Hackett pushed his hat farther back and scratched his scalp with an index finger. “I don’t remember, no,” he said, “but I’ll take your word for it. So?”

“St. Christopher’s, out near Balbriggan. Run by the Redemptorists. Big gray place by the sea.”

Hackett bent on him a half-closed eye. “You know it?”

“Yes, I know it,” Quirke said. He was silent then, watching the smoke from his cigarette curl upwards, and the policeman judged it best not to continue along that particular line of inquiry; he knew something of Quirke’s orphan past, and knew enough not to probe overmuch into Quirke’s memories of it. “The thing is,” Quirke went on at last, “someone else knows about it, too.”

“And who’s that?”

“Maguire, the yard manager. He was there, after his mother died.”

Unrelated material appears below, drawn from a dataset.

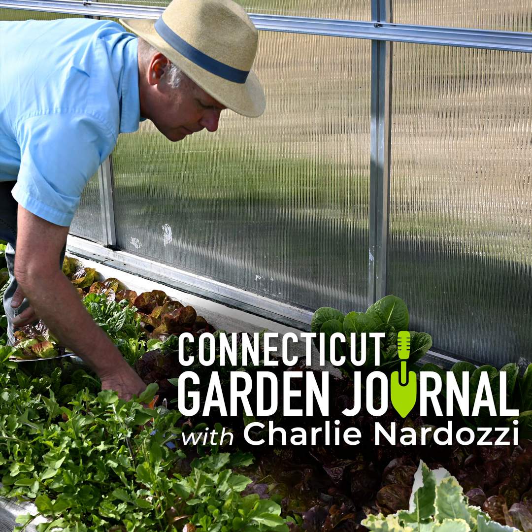Moth orchids, or Phalaenopsis, are one of the easiest orchids to grow indoors. There are hundreds of varieties that grace garden centers, home centers, florists, and grocery stores. Once in flower, as long as you do some basic care, the flower stalks can be in bloom for months, far surpassing the life of a cut flower.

“How did you find that out?”

“His wife told me.” He lifted his teacup by the handle, then put it back in its saucer, the tea untasted. “She came to see me, as you’ll recall, worried that someone was suspecting her husband of doing in his boss, the someone being you. ”

Hackett could not see the connection to St. Christopher’s, and said so.

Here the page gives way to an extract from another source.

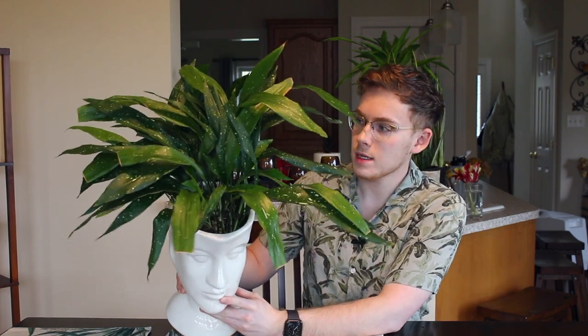I haven't noticed any pests on my cast iron plant — no spider mites, mealybugs, or anything. I have used neem oil on this plant and can confirm it's safe. So if you notice any pests, give it a good spray with neem oil and wipe down the foliage. Because of the large amount of foliage in this pot, next time I water I'll put it in the shower or sink and hose down all the foliage to remove any dust, so the leaves are clean and can maximize sunlight absorption.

“I don’t see it either,” Quirke said. He paused. “I went out there, talked to the head man, a Father Ambrose. Decent sort, I think, innocent, like so many of them.”

“Innocent,” Hackett said, and pursed his lips as if to whistle in doubt. “I’d have thought that running an orphanage in this country would be a thing that would put a few smears on the old rose-tinted specs, no?” He took a slurping drink of his tea.